Bill pakte zijn sleutel en ging naar zijn kamer. Hij liet zich vermoeid op het bed vallen en haalde de foto uit de envelop.

Het gezicht in zwart-wit dat hem aankeek had de delicate trekken van de vele Thaise vrouwen die hij in Bangkok had gezien. Er blonk echter een schittering in Lidia’s ogen die haar iets stralends gaf en haar meer dan zomaar aantrekkelijk maakte. Ze was wondermooi. Bill raakte de smetteloze wang aan en vroeg zich af of dit jonge meisje zich bewust was van de onrust die ze veroorzaakte bij hem en anderen, duizenden kilometers hiervandaan.

‘Waar ben je, Lidia?’ prevelde hij, waarna hij de foto op het nachtkastje naast zijn bed legde.

Nadat hij zich had gedoucht en omgekleed, werd Bill door de muziek uit een vertrek dicht bij de lobby naar de Bamboo Bar gelokt. Hij bestelde een biertje en luisterde naar het trio, dat jazz speelde. Het was niet echt zijn muziek – hij gaf de voorkeur aan Vera Lynn of zijn geliefde klassieke muziek – maar de sfeer in de bar was levendig en maakte hem wat opgewekter. Hij probeerde zich Lord Harry voor te stellen die hier pianospeelde – glimlachend, zorgeloos en verliefd – maar dat viel niet mee. Het enige wat hij voor zich zag waren de ernstige, afgetobde trekken van een jongeman die het gewicht van de wereld op zijn schouders torste.

Een jong Thais meisje vroeg of ze aan zijn tafeltje mocht komen zitten.

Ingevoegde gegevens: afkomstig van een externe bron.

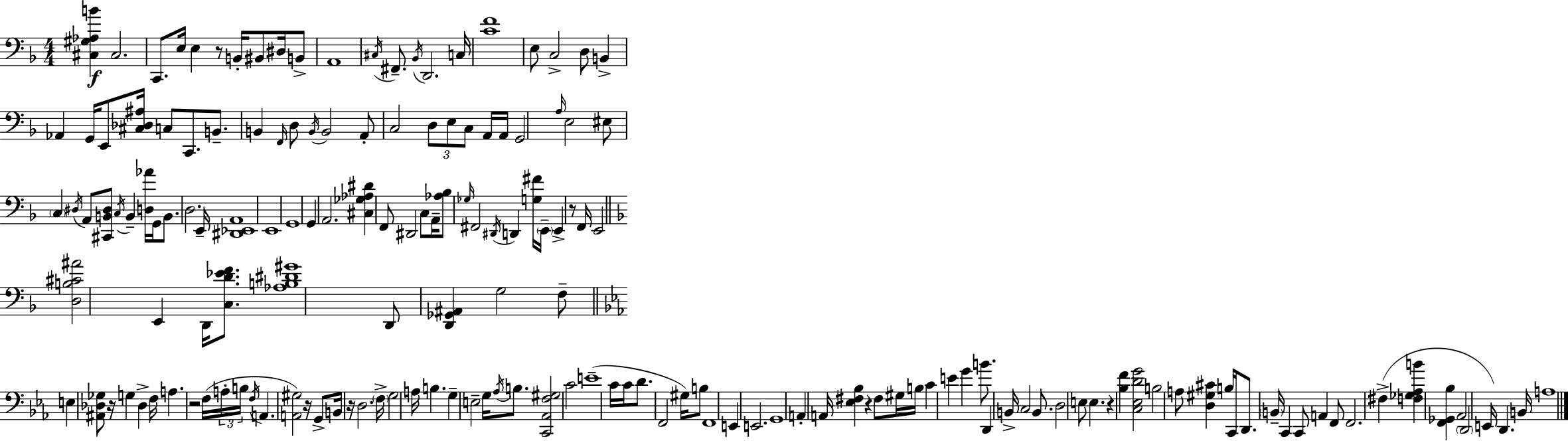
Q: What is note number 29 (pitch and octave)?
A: B2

Hij knikte, besteedde amper aandacht aan haar en bestelde een cola. Ze probeerde in haperend Engels een gesprekje met hem te voeren en ervan uitgaand dat ze op haar vriend wachtte, beantwoordde Bill haar vragen. Toen het meisje twintig minuten later dichterbij was komen zitten en ze haar dijbeen tegen het zijne duwde, viel het kwartje. Bill wenkte in paniek de ober zodat hij zijn bonnetje kon tekenen en vertrekken. Het meisje keek teleurgesteld toen Bill zich de bar uit haastte.

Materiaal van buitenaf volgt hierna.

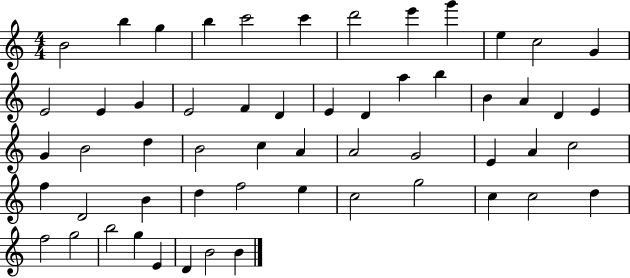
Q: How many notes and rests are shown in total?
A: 56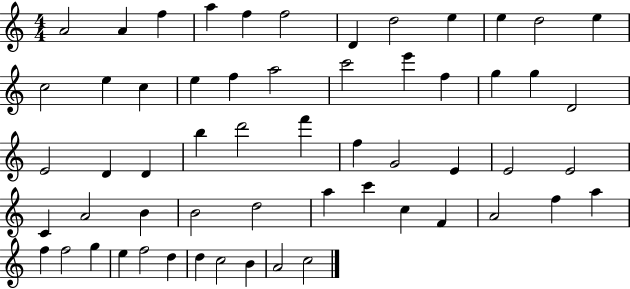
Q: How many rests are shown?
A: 0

Terug in zijn kamer met de deur stevig dicht, realiseerde Bill zich dat hij hijgde. Ook al had hij niets gedaan; hij verbleekte al bij de gedachte dat Elsie hem met een andere vrouw zou zien. Er was niemand anders voor hem, die was er ook nooit geweest, en het idee haar pijn te doen maakte hem misselijk. Hij had de aantrekkingskracht van die oosterse vrouwen nooit begrepen; hij had gezien dat andere soldaten na hun vrijlating naar de hoerenhuizen van Singapore renden, maar hij had alleen maar aan zijn vrouw kunnen denken, die thuis geduldig op hem wachtte met haar grote bruine ogen, sproetige neusje en stevige, blanke lijf.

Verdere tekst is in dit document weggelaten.